# Windshield Wipers



## ErikBEggs (Aug 20, 2011)

Can someone kindly direct me to what kind of wipers these are? The little rubber piece that connects the wiper to the windshield is almost completely peeled off my passenger side wiper. I'll blame it on 4 months of winter, road salt, and fluid. Grrrrrr!


----------



## Sunline Fan (Jul 29, 2012)

I think the general consensus was to go back to the dealer for them. I think they were cheap enough there and it retains the little aero plastic on the driver's one.


----------



## weimerrj (Dec 4, 2011)

I just buy refills and slide them in the original assemblies. Cheaper!


----------



## H3LLON3ARTH (Dec 16, 2011)

I went with Bosch Icons love them

Sent from AutoGuide.com Free App


----------



## Smurfenstein (Nov 16, 2011)

H3LLON3ARTH said:


> I went with Bosch Icons love them
> 
> Sent from AutoGuide.com Free App


Same, just upgraded today.

@OP: Either way the driver wiper is 24("), and the passenger wiper is 18(").


----------



## ErikBEggs (Aug 20, 2011)

weimerrj said:


> I just buy refills and slide them in the original assemblies. Cheaper!
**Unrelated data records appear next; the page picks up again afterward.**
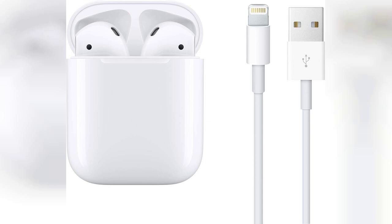In conclusion, the Apple AirPods second generation are an excellent investment for anyone who values quality, convenience, and style in their audio experience.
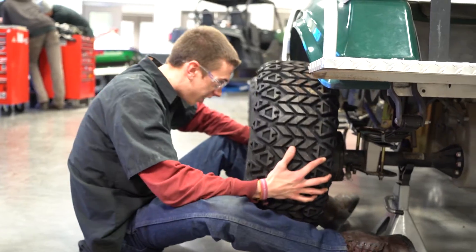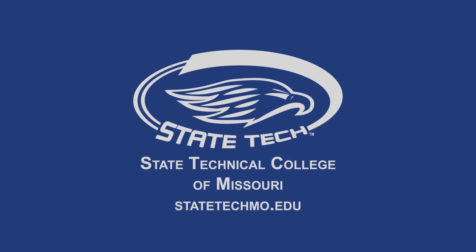They've installed an aftermarket shifter, front bumper, and steering wheel. It's also going to get seat covers that match the college logo colors.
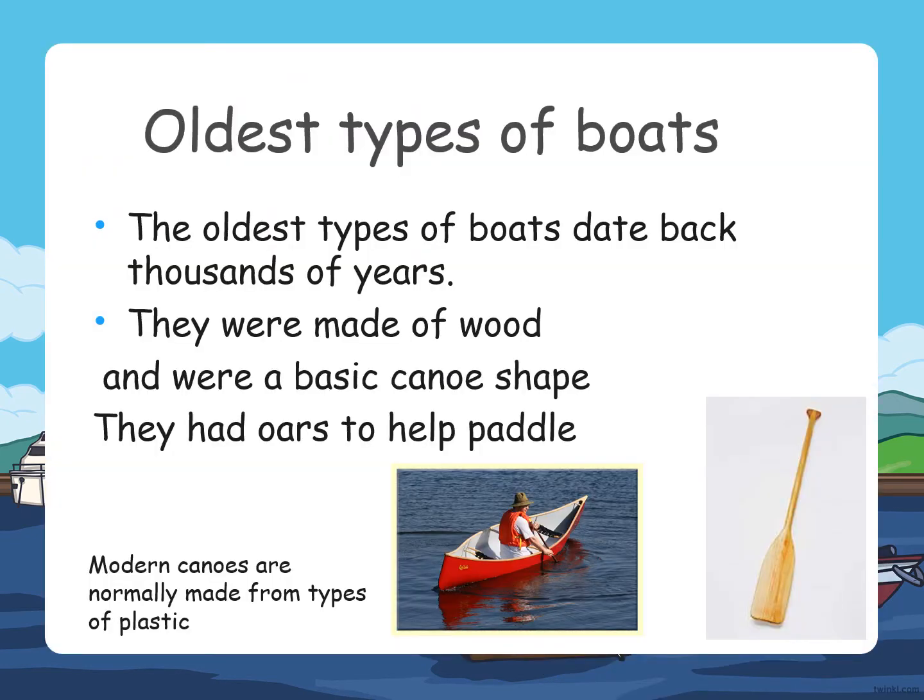The oldest types of boats date back thousands of years. They were made of wood and were a basic canoe shape, and they had oars to help them paddle. Modern or new canoes are normally made from types of plastic, not wood like the older boats.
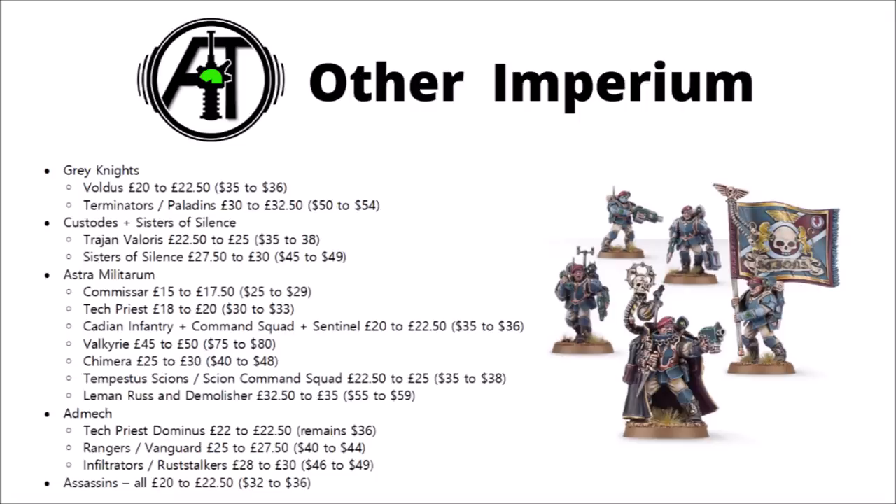If we look at the rest of the Imperium, Grey Knights have seen increases for Voldus and their Terminators or Paladins — though at least in terms of pounds per point, the Paladins are still a reasonably decent deal. The Custodians and Sisters of Silence have just seen rises for Trajann Valoris and the Sisters of Silence box. The Astra Militarum have seen quite a few increases, including their standard issue Commissar who's £17.50 now or $29 — I'd very much be tempted to get him as part of the Start Collecting rather than on his own. The Tech Priests are up a bit, and the Cadian Infantry and Command Squads are up as well. That Cadian Infantry Squad is incredibly long-serving, and it's a bit annoying to see it go up in price as it's one of Games Workshop's oldest kits.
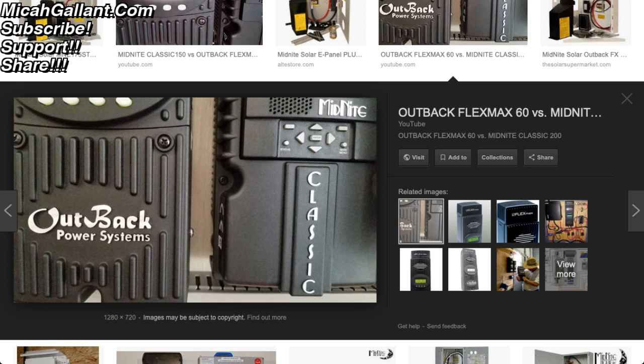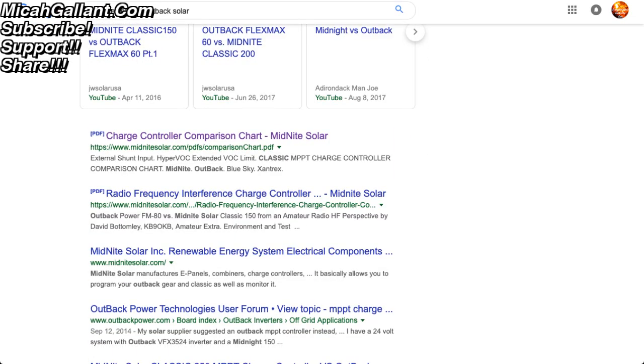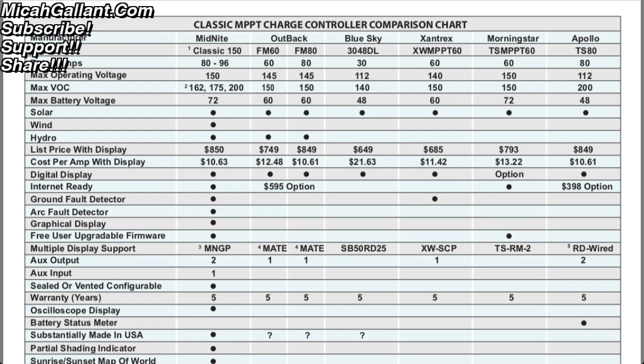I'm interested to know — and I know JW Solar USA, I think that's his YouTube handle — he has both of these units, so I'd be interested to hear some feedback from you all if anybody has had experience with Outback Systems or Midnight Solar. This is MidnightSolar.com's comparison chart, and I don't know how objective it is, but they apparently have a chart that shows theirs is the best performing charge controller, amongst Morningstar and the other ones.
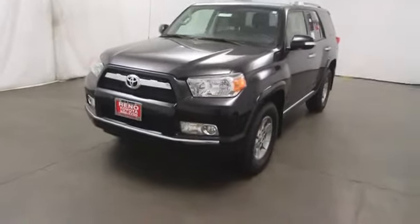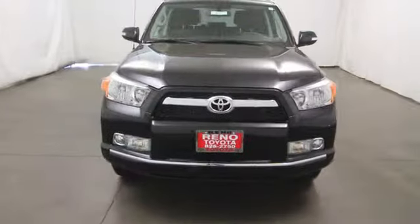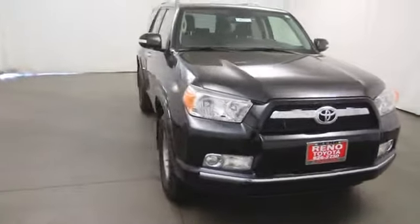The 2013 4Runner. 4Runner durability is unbeatable. There are more 4Runners on the road today than any other midsize SUV.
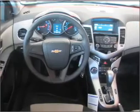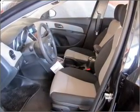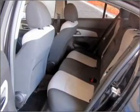Air conditioning, power door locks, power windows, power steering, an alarm system, and an AM FM stereo with a CD player. Let us put you in the driver's seat today. Call or click to contact us.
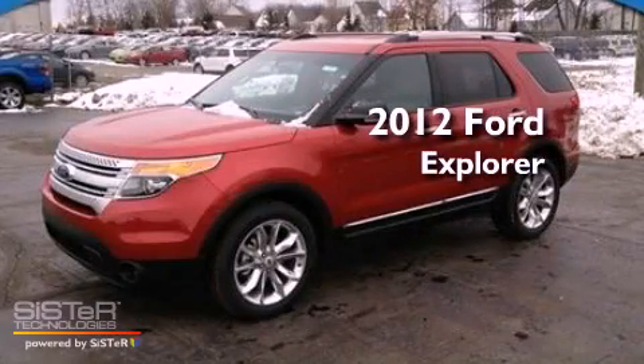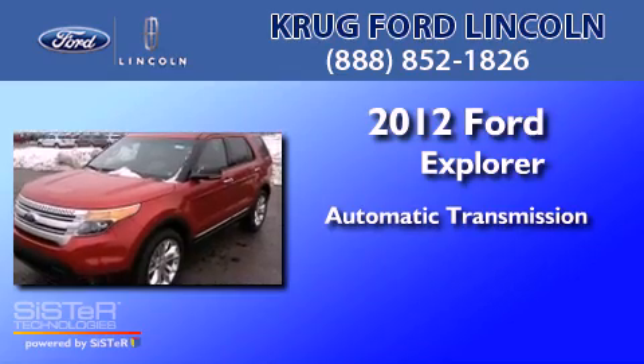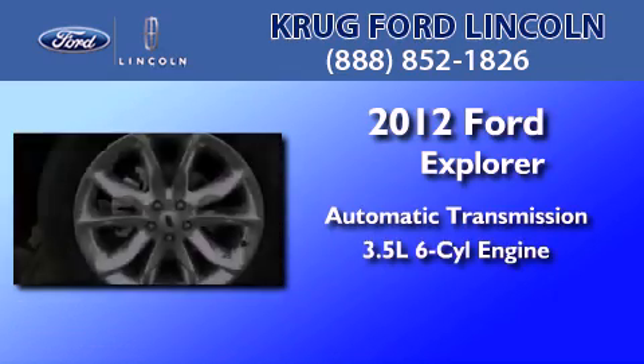This is a brand new 2012 Ford Explorer. This SUV has an automatic transmission and a 3.5-liter V6.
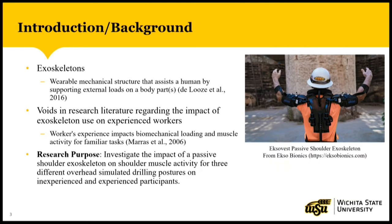There is a new device that the manufacturing industry is looking at in hopes of reducing shoulder injuries, and that is the exoskeleton. An exoskeleton can be described as a wearable mechanical structure that assists your body by supporting external loads placed on certain body parts. Here on the right, we see the ExoVest, which is the Passive Shoulder Exoskeleton by Exobionics. There has been research conducted in the past to start discovering the effectiveness of exoskeletons, but there is a void in the research literature regarding the impact of exoskeleton use on experienced workers, since the majority of these studies have recruited young, inexperienced college students.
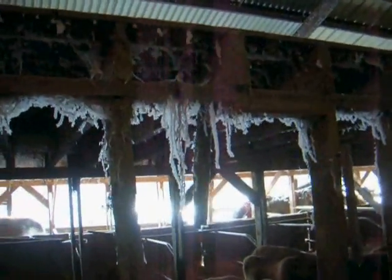Beautiful this morning with the frost clinging to the strands of hay.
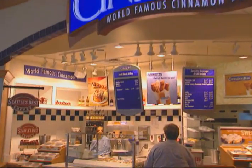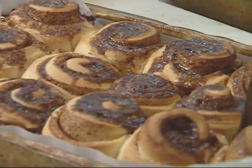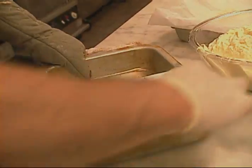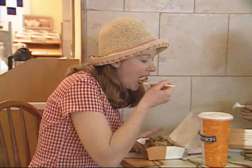The secret behind Cinnabon's success story isn't a secret at all. Combine the world's best cinnamon with the finest, freshest ingredients. Bake them fresh before your eyes. Top each soft, pillowy roll with secret recipe cream cheese frosting, and serve them warm and fresh from the oven. And watch this sweet success make guests say, Wow!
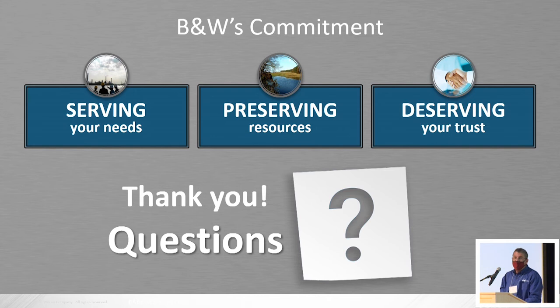Thank you very much. I'll be glad to take any questions. That was enlightening — a lot of good stuff there. Time for a question or two before the break.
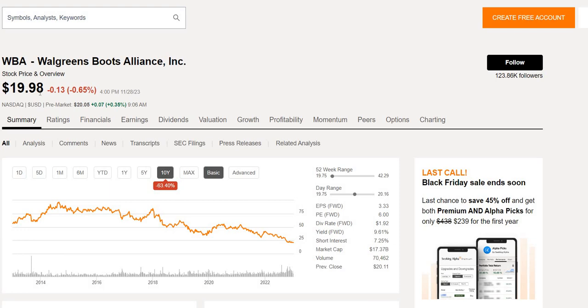Is it undervalued? Can we see the share price double or triple over the next few years, as well as see that yield grow into the mid digits — 12, 13, 14% yield on cost?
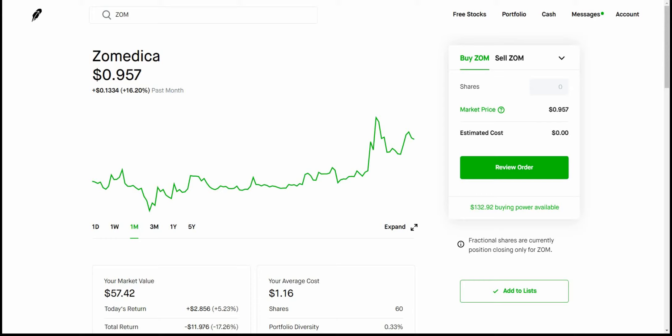Good day, YouTube. This is Jay Money with Falling Forward Financial. Just an update here on Zomedica. Looks like they're having a decent day today.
Huh, can you explain please?


----------



## 4piecekit (Mar 17, 2011)

I know wipers usually say to replace every 6 months but I've had my stock set on my car for 2 years this month with no problems. I usually use Rain X Weatherbeaters and will buy some this week. That being said, Target has their Weatherbeaters on sale for around $7 this week.


----------



## citydragon (Jul 21, 2011)

ErikBEggs said:


> Huh, can you explain please?


go to:
How to replace Windscreen Wiper Refills for Blades - YouTube


----------



## weimerrj (Dec 4, 2011)

citydragon said:


> go to:
> How to replace Windscreen Wiper Refills for Blades - YouTube


Yep, that's pretty much it. 

BTW, our wipers are different widths, the Driver's side is wider than the passenger. I can't remember what sizes (and I can't go look right now), so be sure to take the old ones in with you to the store.


----------



## H3LLON3ARTH (Dec 16, 2011)

Driver side is 24" passenger side is 18"

Sent from AutoGuide.com Free App


----------



## weimerrj (Dec 4, 2011)

H3LLON3ARTH said:


> Driver side is 24" passenger side is 18"


It's how wide they are as they slide into the clamps, I think it's 8mm driver's and 6mm passengers, but don't quote me on that.


----------



## Smurfenstein (Nov 16, 2011)

weimerrj said:


> It's how wide they are as they slide into the clamps, I think it's 8mm driver's and 6mm passengers, but don't quote me on that.


They're standard size(if there is one lol), I got the bosche icons from my local pep boys and they went on nice and snug.


----------



## ErikBEggs (Aug 20, 2011)

Getting these done right now. They said it won't cost more than $30 for both total. Turns out they both were peeling, the passenger side one is just almost completely naked now..


----------